What prompted me to attend this particular summer school? My work at the Center for Cognitive and Decision Sciences focuses primarily on trying to understand risk taking, specifically how the brain deals with tasks that require people to decide whether to take a risk or not, and also whether there are structural differences between individuals which are associated with more or less risk taking. When we are looking at the relationship between brain function or structure and risk taking, rather than simply looking at the relationship with performance-based scores, it might be more informative to try to relate individual differences in cognitive processes evoked by a task with neural variation. Why? Since the brain carries out many different computations before an action (decision) is motivated, if we can understand the latent processes elicited by a task we might be one step closer to understanding ‚how the brain does it’.

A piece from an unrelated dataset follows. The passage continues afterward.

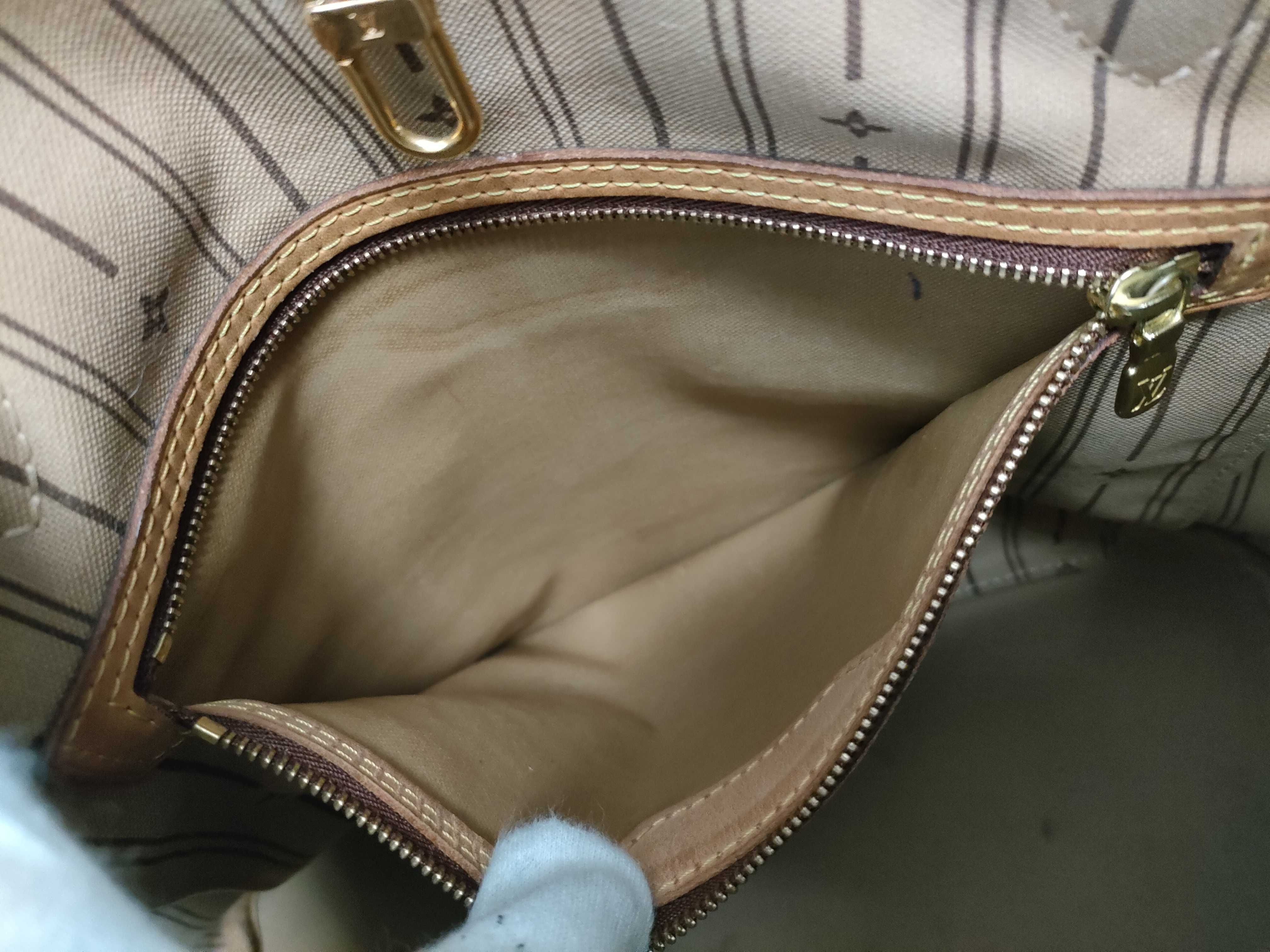 Monogram Neverfull MM Tote Bag — view 12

The main aim of the summer school was to give students and early career researchers the necessary knowledge, awareness and tools to do exactly that: formulate ideas about how individuals process a given task or stimulus, specify a model that captures the hypothesised computations through model parameters, and finally check how well the model accounts for observed outcomes (e.g. decisions). The model parameters in turn can be fed into analyses of neuroimaging data, for example identifying structural and/or function correlates of these very same parameters.

In the mornings, lectures and seminars by high profile researchers (e.g. Klaas Enno Stephan, Alan Sanfey, Jeffrey Schall, Hanneke den Ouden, Daeyeol Lee, Bahador Bahrami, to name but a few … ) provided the necessary background, awareness and scope for application, which we could then put into practice during afternoon workshops in the computer lab. The entire week was very well organised and will hopefully lead to some interesting research directions in the future. I heard some highly inspiring talks, met other PhD students from around the world, got to present our work in poster form and discussed our work with other researchers working on similar questions.

If you are interested in these issues, I would highly recommend that you immerse yourself in the world of social, cognitive, affective and perceptual neuroscience and attend a summer school, such as the one at the Donders Institute.